“Say, are you guys from New York?”
We looked up from the Torah texts we had been studying to see a couple of middle-aged gentlemen with closely trimmed beards, who had just walked into the coffee shop on 25th Street South in Fargo, North Dakota. “We see guys like you in the movies; they’re always from New York.”
We responded with a cheerful “Yes” and struck up a conversation. We had begun our day as usual with our post-prayer studies in a local coffee shop, sipping kosher-certified fruit drinks. The routine proved fruitful, as the Lutheran pastor and his friend told us of a Jewish professor at the local university, whom they know.

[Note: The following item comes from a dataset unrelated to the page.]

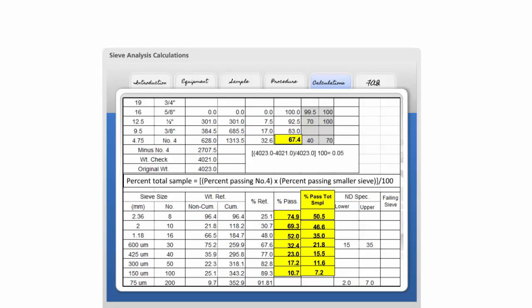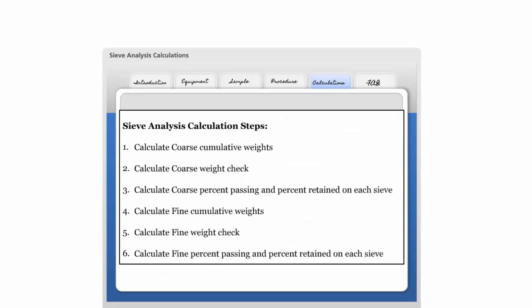Finally, report the percent of material finer than the number 200 sieve to the same significant digit as the specification of the class of aggregate. Remember, you must perform the calculations in the order you see here to correctly determine the particle size distribution of fine and coarse aggregates by sieving.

In this age of information, it usually does not take long to find a way to contact an individual if you know their name and place of employment, and within minutes we had a phone number. We called the professor and set up a meeting for the next day for an early afternoon drink.
The next day, in another coffee shop, this one in Moorhead, Minnesota (the “other half” of Fargo, on the other side of the state line), we sat with the professor as he reminisced about growing up in Manhattan, New York, and spoke of his various travels through the States, ending up at the border of Minnesota and North Dakota.
Topics ranged from “Manhattan then and Manhattan now” to the Baal Shem Tov and the inception of Chassidism and Chabad chassidic philosophy, leading into discussion of prayer, known as the “service of the heart,” and each individual’s developing a unique, personal and interactive relationships with G‑d. It’s fair to say that service of G‑d must by definition revolve around fulfilling the divine commandments, which G‑d had given us as a means to connect to him (mitzvah, the Hebrew word for “commandment,” is linguistically linked to the Aramaic term for connection), and the discussion turned to the mitzvahs of tefillin and mezuzah. But as it does when it is being well spent, the time had flown, and we found ourselves about to run late to another meeting that we had scheduled earlier, so we arranged to meet the next day to take up where we had left off.
The following morning, after packing our personal baggage, Judaica items, books and non-perishable foods into the trunk, we packed the perishable food for the remainder of our five-week trip into the cooler that is the dependable passenger in our back seats (two and a half out of the three back seats, to be precise) for the duration of this trip. We topped it with ice, checked out of the hotel, and headed off to see the professor before our departure to the next city on our trip.
We met at his house and followed him to the university, where he is in the process of moving into a new office. We put up a mezuzah on the doorpost of his new office, and he put on tefillin for the first time since the age of eighteen, reading the Shema in both Hebrew and English.
We spoke some more, and then some more again, before parting ways and promising to keep in touch (which has already been the case, with some late night e-mails as I type up this story).